Was ist wenig Gewicht? 

Gibt es Eure Bikes auch mit Rohloff-OEM-Dropouts?

Nennt es doch "Pfadfinder"


----------



## Deleted 8566 (18. Juni 2003)

Pathfinder klingt cooler. 

Ein paar Namen fallen mir schon ein, aber die werden schon von anderen Herstellern verwendet.

"Gotama" wär´ nicht schlecht, oder "Sanouk".


----------



## AnthonyXIV (20. Juni 2003)

Danke @  Tyrolens für die Namen... die werden bei uns alle gesammelt und dann wird in einer Brainstorming Aktion entschieden!

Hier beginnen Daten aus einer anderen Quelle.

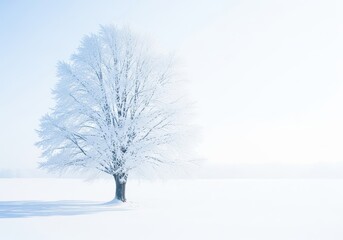Fototapeta premium A breathtaking and dense winter forest landscape covered entirely in thick white snow and shimmering hoarfrost, evoking intense cold and silence, subzero, temperature, woodland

@ gage: Im Vergelich zum Faunus wird das Enduro Bike 145 mm Federweg aufweisen. Es ist eine völlige Neukonstruktion. Ein Vergleich ist also unnütz, da es wie gesagt ein komplett neues Bike ist. Alle anderen Facts kommen sobald wie möglich.
Rohloff ist grundsätzlich möglich, macht aber meiner Ansicht nur beim Hardtail Sinn. Dies wäre bei uns kein Problem.

happy trailz 

AnthonyXIV


----------



## playbike (20. Juni 2003)

Hätte auch interesse am Faunus Enduro. Bitte baldmöglichste alle Details veröffentlichen 
Wie wärs mit "relationship" als Namen?


----------



## AnthonyXIV (23. Juni 2003)

die Infos für die neuen Bikes (Enduro, Freeride ???)  kommen wie gesagt sobald wie möglich (Grade ist hier so richtiger Eurobike Streß) ) ... wir wollen ja für euch was bieten.
im Bereich Namensfindung sind wir immer noch nicht weiter... es sollte auf jeden Fall ein deutscher Name sein (so wie Sauss und Brauss)  
Pfadfinder ist schonmal ganz gut!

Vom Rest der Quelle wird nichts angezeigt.